There have been some nice additions to the Scala collections with the *parallel* versions of standard data structures. These work fine for shared memory architectures, however, means for distributed memory parallelization seem to be very scarce and fragmented.

During a course at my university, I worked on the development of a general framework for distributed parallelization using Scala and MPJ-Express. The idea was to use functional concepts on sequences to mimic/generalize features already found in MPI. Since *MPJ-Express* is more or less a wrapper around MPI, there were plenty of interesting ideas to try out.

Here is an example of a parallel matrix-multiplication algorithm using the framework:

1 2 3 4 5 6 7 8 9 10 11 12 13 14 15 16 17 18 19 20 21 22 23 24 25 |
def testMatrix(args: Array[String]) { /* * Initialize matrices */ val M = 2 val N = 2 val BLOCK_SIZE = 2550 val A = Array.fill(M, M)(MJBLProxy(1337, BLOCK_SIZE)) val B = Array.fill(M, M)(MJBLProxy(1337, BLOCK_SIZE)) val Bt = B.transpose /* * DNS using underlying MPI */ parallelize(args) { for (i <- 0 until M; j <- 0 until N) A(i) zip Bt(j) mapMPJ { case (a, b) => a * b } reduceMPJ (_ + _) } } |

The algorithm simply creates some matrices, A and B, filling them with random blocks.

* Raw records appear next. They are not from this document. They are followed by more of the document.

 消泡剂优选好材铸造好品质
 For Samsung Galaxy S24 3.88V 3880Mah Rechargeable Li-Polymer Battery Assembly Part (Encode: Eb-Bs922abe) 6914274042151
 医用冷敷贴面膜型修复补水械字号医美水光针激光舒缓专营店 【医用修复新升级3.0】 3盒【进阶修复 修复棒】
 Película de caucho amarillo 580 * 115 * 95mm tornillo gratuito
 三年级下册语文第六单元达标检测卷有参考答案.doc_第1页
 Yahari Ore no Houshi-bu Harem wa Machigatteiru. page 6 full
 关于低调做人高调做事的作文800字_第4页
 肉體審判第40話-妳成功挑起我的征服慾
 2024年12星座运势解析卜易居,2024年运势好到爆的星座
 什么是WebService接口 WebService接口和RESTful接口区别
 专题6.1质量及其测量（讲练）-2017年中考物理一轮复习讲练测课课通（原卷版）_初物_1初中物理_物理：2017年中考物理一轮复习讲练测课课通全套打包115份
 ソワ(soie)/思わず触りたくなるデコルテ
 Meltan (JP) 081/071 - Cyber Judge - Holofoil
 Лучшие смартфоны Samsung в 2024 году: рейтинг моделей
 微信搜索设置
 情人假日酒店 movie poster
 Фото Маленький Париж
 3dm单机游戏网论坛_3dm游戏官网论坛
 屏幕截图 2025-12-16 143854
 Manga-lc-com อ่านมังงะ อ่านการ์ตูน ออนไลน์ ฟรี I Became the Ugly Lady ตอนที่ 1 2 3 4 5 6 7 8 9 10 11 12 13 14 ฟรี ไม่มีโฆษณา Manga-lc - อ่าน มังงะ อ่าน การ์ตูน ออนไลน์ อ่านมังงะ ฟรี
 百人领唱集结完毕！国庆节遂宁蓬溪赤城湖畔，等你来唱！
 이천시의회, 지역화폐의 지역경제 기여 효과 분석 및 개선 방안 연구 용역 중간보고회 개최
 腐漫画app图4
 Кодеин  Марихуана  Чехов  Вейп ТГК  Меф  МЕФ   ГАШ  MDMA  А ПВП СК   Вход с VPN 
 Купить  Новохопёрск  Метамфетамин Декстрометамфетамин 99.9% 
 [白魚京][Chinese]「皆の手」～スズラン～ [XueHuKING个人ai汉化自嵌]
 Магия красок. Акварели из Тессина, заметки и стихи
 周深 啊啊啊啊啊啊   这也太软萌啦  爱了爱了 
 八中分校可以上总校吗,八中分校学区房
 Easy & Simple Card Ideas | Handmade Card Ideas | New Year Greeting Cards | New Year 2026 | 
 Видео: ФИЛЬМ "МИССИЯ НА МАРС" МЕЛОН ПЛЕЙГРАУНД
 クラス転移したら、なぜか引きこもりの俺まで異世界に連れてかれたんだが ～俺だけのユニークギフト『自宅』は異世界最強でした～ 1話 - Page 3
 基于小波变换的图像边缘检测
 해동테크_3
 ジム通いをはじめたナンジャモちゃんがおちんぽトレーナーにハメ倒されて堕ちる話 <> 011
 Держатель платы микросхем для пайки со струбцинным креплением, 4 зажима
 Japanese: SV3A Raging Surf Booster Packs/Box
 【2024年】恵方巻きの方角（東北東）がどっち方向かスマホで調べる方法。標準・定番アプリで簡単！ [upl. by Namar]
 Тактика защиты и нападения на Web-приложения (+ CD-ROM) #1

No data is being initialized until the actual multiplication, due to the use of proxy-matrices. This ensures that only the needed data is expanded on the respective nodes. In the multiplication, jblas was used to ensure maximum peak-rate.

Clearly, the biggest achievements in the framework are the ability to send objects transparently through messages and the ability to use anonymous functions for network operations like *reduceMPJ*.

1 2 3 4 5 6 |
parallelize(args) { for (i <- 0 until M; j <- 0 until N) A(i) zip Bt(j) mapMPJ { case (a, b) => a * b } reduceMPJ (_ + _) } |

The parallelize call simply initializes MPI through MPJ, and allows for distributed operations like mapMPJ and reduceMPJ to be used. Behind the scenes, there is an implicit conversion from *Array[T]* to *SeqMPJ[T]*, which is a wrapper class from this framework.

Another *huge* advantage from the framework is the fact that everything is type inferred. This means that, since the computation works as a kind of *single program multiple data* scheme, the receiving side of any send or collective communication operation knows the type to receive. This means that the programmer is free to think more about solving the problem than dealing with concurrency.

Another interesting example is finding the maximum number in in a segmented list:

1 2 3 4 5 6 7 8 9 10 11 12 13 14 15 |
def testMax(args: Array[String]) { val seq = Array( Array(1, 2, 2, 2, 3, 3, 1, 12, 3, 100, 3, 2), Array(1, 2, 3, 2, 1, 2, 3), Array(1, 2, 3, 4, 2, 2, 1, 2, 3, 3, 450, 540, 3), Array(1, 2, 3, 1337, 1)) def max(a: Int, b: Int) = if (a >= b) a else b parallelize(args) { seq mapMPJ (_.max) reduceMPJ max } } |

Notice that the *mapMPJ* operation works in parallel for each element in the sequence. Notice that the max-function used in *reduceMPJ* is user defined, and might as well have been an anonymous function.

There are lots of interesting goals to look at in the future, especially working with non-uniform workloads.